Come ormai è purtroppo ben noto, la variante Omicron rappresenta un nuovo pericolo per l’uomo nell’ambito della lunga battaglia contro la pandemia di Coronavirus. Per quanto rimanga ancora piuttosto sconosciuta agli occhi della scienza, sulla mutazione iniziano ad arrivare i primi dati, grazie ai rapporti settimanali sulla situazione epidemiologica nel Regno Unito compilato dallo UK Health Security Agency. Stando a quanto riportato da Oltremanica, l’efficacia vaccinale (verso l’infezione sintomatica) subisce un calo significativo tra Delta e Omicron: nella formula con le due dosi di AstraZeneca, dopo sei mesi essa è risultata pari a zero e pari a 34% con due dosi di Pfizer.

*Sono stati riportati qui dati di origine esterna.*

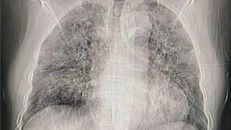 Hình ảnh phổi người mắc Covid-19 ở Việt Nam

Tuttavia, spiega il “Corriere della Sera”, la terza dose “riequilibra la situazione, portando i vaccinati con AstraZeneca come ciclo primario a un’efficacia del 71% e quelli con tre dosi Pfizer al 76% nel primo mese successivo all’inoculazione. Sebbene non sia il 95% offerto dalla terza dose con la Delta, è un valore considerato buono, soprattutto perché si sta ancora parlando di protezione verso il contagio. Tutti i vaccini in uso hanno sempre avuto valori di protezione verso i ricoveri e i decessi più alti di quelli riguardanti l’efficacia verso l’infezione”.



VARIANTE OMICRON SUPER CONTAGIOSA: DATI HORROR DAL REGNO UNITO

È ancora il “Corriere della Sera” a evidenziare come dal rapporto compilato in landa britannica emerga nitidamente che in UK “non ci sono ricoveri o decessi associati a Omicron, però ci sono pochissimi casi in gruppi ad alto rischio, compresi gli anziani. Il dato positivo confermerebbe le analisi provenienti dal Sudafrica, dove, dei pazienti positivi al Covid ricoverati negli ospedali di Pretoria, il 31% ha richiesto cure specialistiche o di terapia intensiva rispetto ai due terzi dei pazienti delle ondate precedenti”.



Insomma, questa variante potrebbe essere un po’ più mite, ma molto più trasmissibile, pare addirittura fino a 500 volte di più rispetto al ceppo originale di Wuhan. Omicron ha inoltre la capacità di reinfettare anche i vaccinati e nell’analisi dell’Agenzia inglese il 19% dei casi ha provocato focolai familiari contro l’8,5% dei casi Delta.